He set out plans to cut £4bn of costs in the next four years, including £750m in 2017. While refusing to disclose how many jobs would be lost a result, the New Zealander said: “There will be job losses that we have to go through.”

Ninety thousand jobs have gone since the bank was bailed out in 2008 as it pulled out of risky businesses and sold off huge parts of its the business to reduce the number of employees to 80,000. Five hundred and 40 branches have been shut since 2014 to take the network – which also includes NatWest – to about 1,200.

Union officials urged the bank to slow down the cost-cutting programme and put a moratorium on branch closures. The Unite national officer, Rob MacGregor, said: “Its ruthless approach to pay for the mistakes of the past jeopardises customer service and risks leaving communities and businesses reliant on their local bank branch high and dry.”
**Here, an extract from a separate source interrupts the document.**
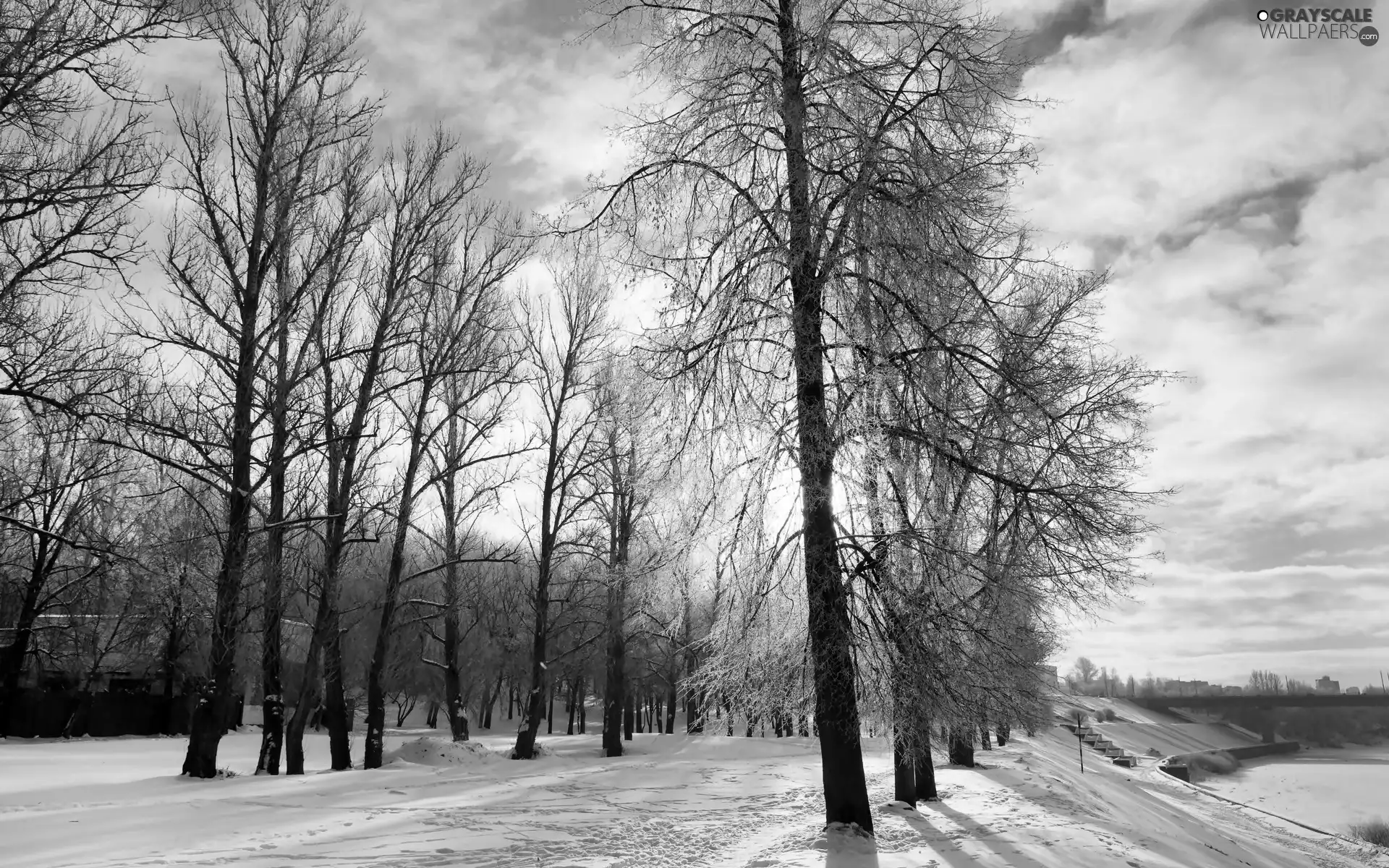 east, Park, River, sun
McEwan, who took over when Stephen Hester left in 2013, said he intended to stay in the highest profile job in UK banking to see through the return to profitability: “We’ve done all the hard work in the last three and half years. I can sense this bank is on the turn.”

His pay was the same as 2015 while the bonuses for staff fell by 8% to £343m. Eighty-seven bankers received more than €1m (£850,000) although the bank said the average salary was £32,620.
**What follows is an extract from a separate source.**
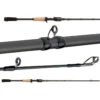 Abu Garcia Fantasista Premier Casting Rods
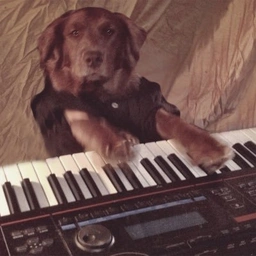 KEYDOG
The two main items McEwan is trying to resolve is the settlement with the US Department of Justice over residential mortgage-backed securities, for which the bank took a £3.1bn hit, and the sale of 300 branches to meet state aid requirements imposed by Brussels.
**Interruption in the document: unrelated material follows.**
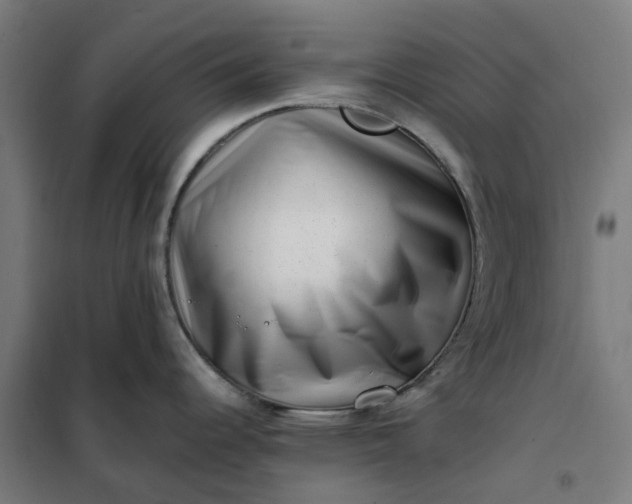 X0000101711344200807241447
Last week, the Treasury announced a plan intended to free RBS of spinning out those branches, known as Williams & Glyn, although the bank admitted 0 this may not be resolved until the fourth quarter of the year.

Until these issues are resolved, the chancellor, Philip Hammond, has said he will not be able to sell off any of the 73% stake in the bank. Its shares fell 2% to 244p after the results were announced, more than half the 502p average price that taxpayers paid during the £45bn bailout.

The annual report lists a number of legal matters the bank is still trying to resolve, including a court case by shareholders over the 2008 rights issue, the sale of interest rate hedging products to small businesses, investigations related to terrorist financing in the US and providing redress to small businesses badly treated by its now-defunct global restructuring group (GRG). Last year, RBS set aside £400m for GRG.